No estudo, realizado pelo ITDP (Instituto de Políticas de Transporte e Desenvolvimento), é utilizado o índice PNT (da sigla em inglês People Near Transport), que considera o número de pessoas que vivem em um raio de até um quilômetro de estações de metrô, trem, BRT e VLT, dividido pelo total da população do município. A cidade com o maior percentual de pessoas localizadas a menos de mil metros das conexões com transporte de massa é Paris, seguida por Barcelona (99%), Madri (92%) e Londres (91%).
No Brasil, além da capital paulista, foram pesquisadas as cidades do Rio de Janeiro, que apresentou cobertura de 47%; Belo Horizonte (28%) e Brasília (17%). Entre as cidades sul-americanas avaliadas, Quito e Buenos Aires registraram 41% e 65%, respectivamente.
Engenheiro do ITDP Brasil, Gabriel Oliveira explica que esses resultados permitem avaliar as condições de acessibilidade ao transporte de massa nas cidades, em comparação com o mundo inteiro.

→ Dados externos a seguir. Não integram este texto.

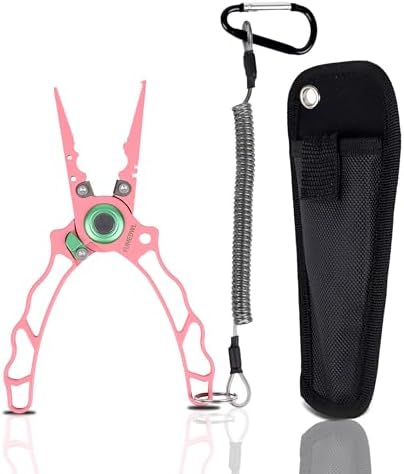 Fishing Pliers with Innovative Ergonomical Handle, Corrosion Saltwater Resistant,Fishing Multitool Hook Remover Braided Fishing Line Cutting, Split Ring with Coiled Lanyard and Sheath by YUMEOWL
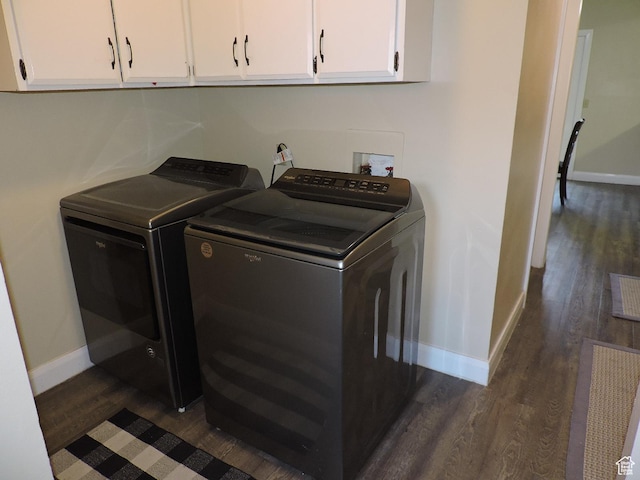 325 N 100 W, Delta, UT 84624 - clothes washing area with baseboards, cabinet space, separate washer and dryer, and dark wood finished floors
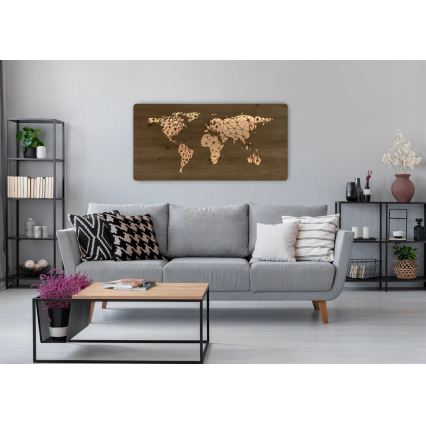 Li-Go 4457/A/4 - Dimmable LED Wall Decor LED/10W/5V 30000 mAh 120x60 cm Oak/World Map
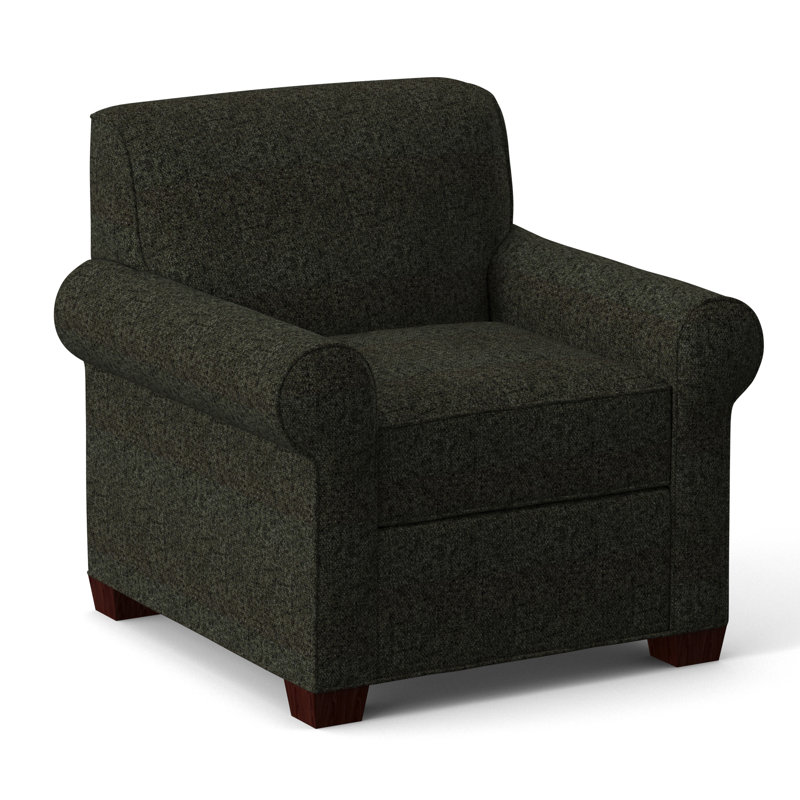 Finn Upholstered Armchair, Empire Mahogany, Dorset Charcoal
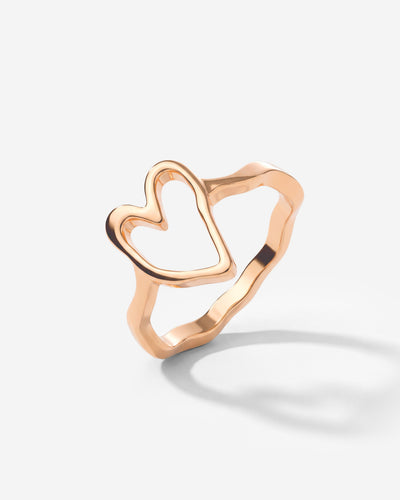 Flowy Heart Ring Rose Gold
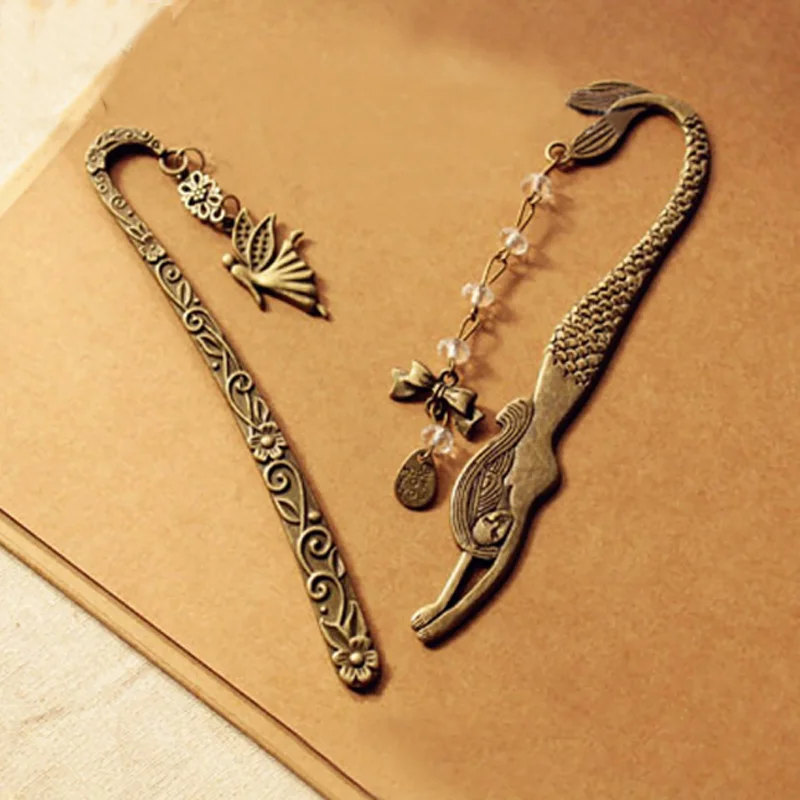 

2Pcs/Pack Novelty Retro Alloy Metal Bookmark Mermaid Beaded or Angels Butterfly Fashion Vintage Bookmark Stationery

A pesquisa focou nos sistemas de média e alta capacidade por esses atenderem às necessidades de uma quantidade maior de pessoas – de forma mais rápida e com mais qualidade. “Também porque, no entorno desses sistemas, devem estar concentradas as iniciativas de desenvolvimento urbano, concentração de população, oportunidades de emprego, serviços públicos, lazer, postos de saúde e grandes equipamentos como universidades. Esses sistemas compõem a espinha dorsal as cidades, cujo crescimento deveria ser orientado a partir deles”, diz Oliveira.
O engenheiro esclarece que existe de fato uma diferença entre as cidades desenvolvidas e em desenvolvimento. “Mas não se trata de uma comparação maniqueísta (preto ou branco). São contextos diferentes. O fato de o Rio de Janeiro já apresentar 47% de cobertura é interessante. Buenos Aires, com 65%, tem o melhor desempenho entre os emergentes. Alguns fatores devem ser levados em consideração. Por exemplo, quanto maior a densidade demográfica, maior a chance de apresentar mais concentração de pessoas próximas a esses sistemas.”
Regiões metropolitanas
O estudo constatou, em contrapartida, que, principalmente em países desenvolvidos, o processo de espraiamento (expansão) das cidades não tem sido acompanhado pela evolução dos transportes públicos. Na comparação entre o município central e sua região metropolitana, existe uma queda de cerca de 50% na acessibilidade ao transporte. Isso indica que a expansão urbana está ocorrendo com velocidade maior que o necessário investimento em transporte.
“Isso é um fenômeno mundial. Paris é um modelo de cobertura, mas quando analisamos sua região metropolitana, esse índice de proximidade das conexões de transporte público cai pela metade. Em São Paulo, a perda não é considerável em função dos trens e BRTs metropolitanos, mas, nas demais cidades brasileiras, como no Rio de Janeiro e em Belo Horizonte, a queda é alta na escala metropolitana”, salienta Oliveira. Na capital fluminense, onde há 47% da população da cidade próxima a sistemas de transporte público de massa, somente 28% dos habitantes da metrópole são cobertos. Em Belo Horizonte, a queda do número de pessoas que vivem próximas às estações é de mais de 50%.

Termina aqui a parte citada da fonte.